**Work required**
Copy out the whole listing exactly as given. Skip the pictures.

**Data extract**
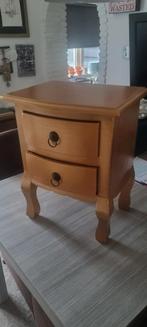 Goudkleurig mangohout kastje - 50x37x26 cm, Ophalen of Verzenden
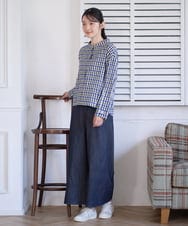 NGLGD33230 GIANNI LO GIUDICE(ジャンニ ロ ジュディチェ) [洗える]ポリエステルコットングログランパンツ ネイビー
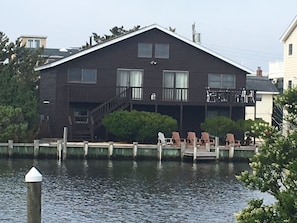 Beautiful spacious beach house right on the water!  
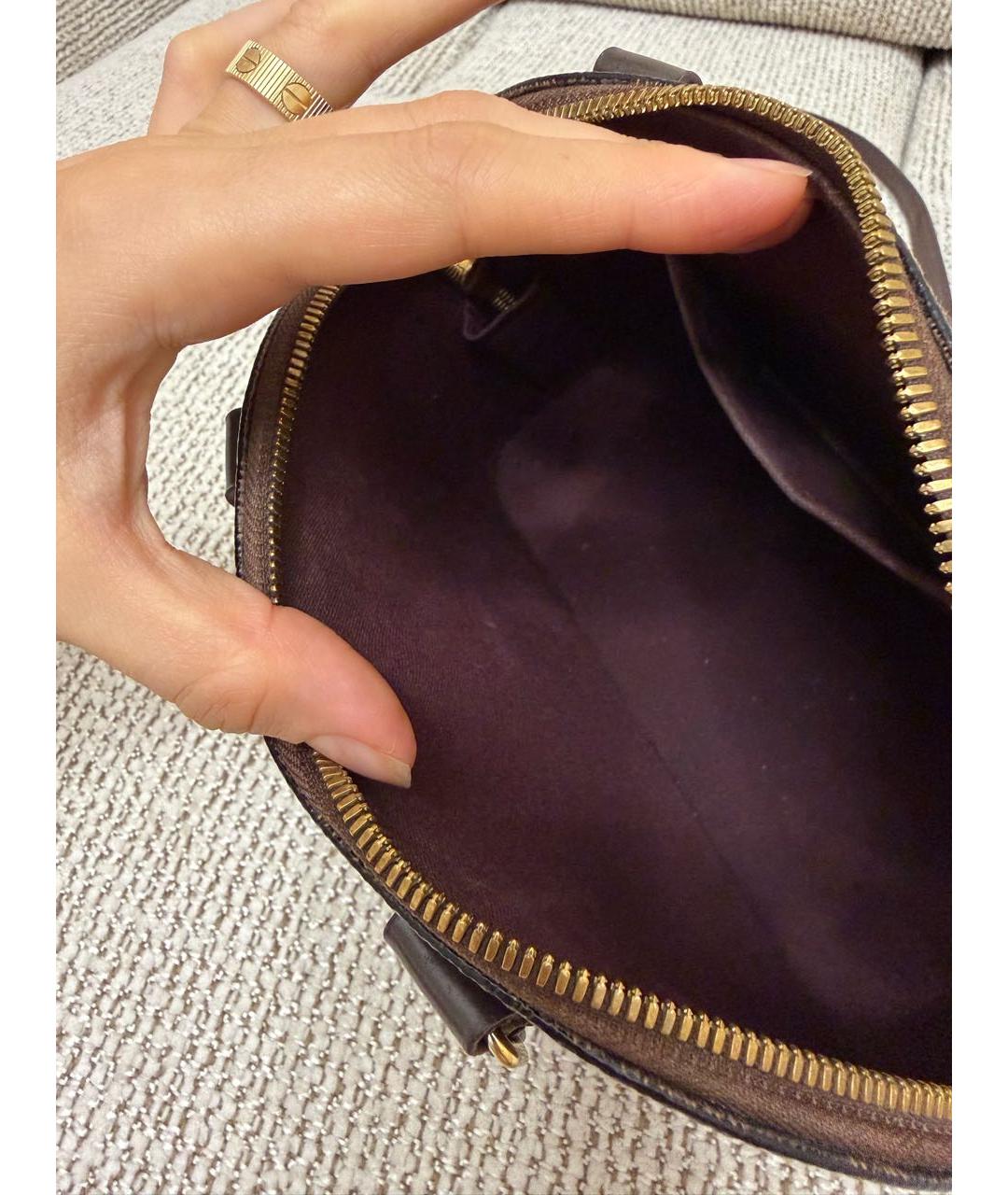 LOUIS VUITTON Коричневая сумка через плечо из искусственной кожи, фото 4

**Result for this exercise**
 Goudkleurig mangohout kastje - 50x37x26 cm, Ophalen of Verzenden
 NGLGD33230 GIANNI LO GIUDICE(ジャンニ ロ ジュディチェ) [洗える]ポリエステルコットングログランパンツ ネイビー
 Beautiful spacious beach house right on the water!  
 LOUIS VUITTON Коричневая сумка через плечо из искусственной кожи, фото 4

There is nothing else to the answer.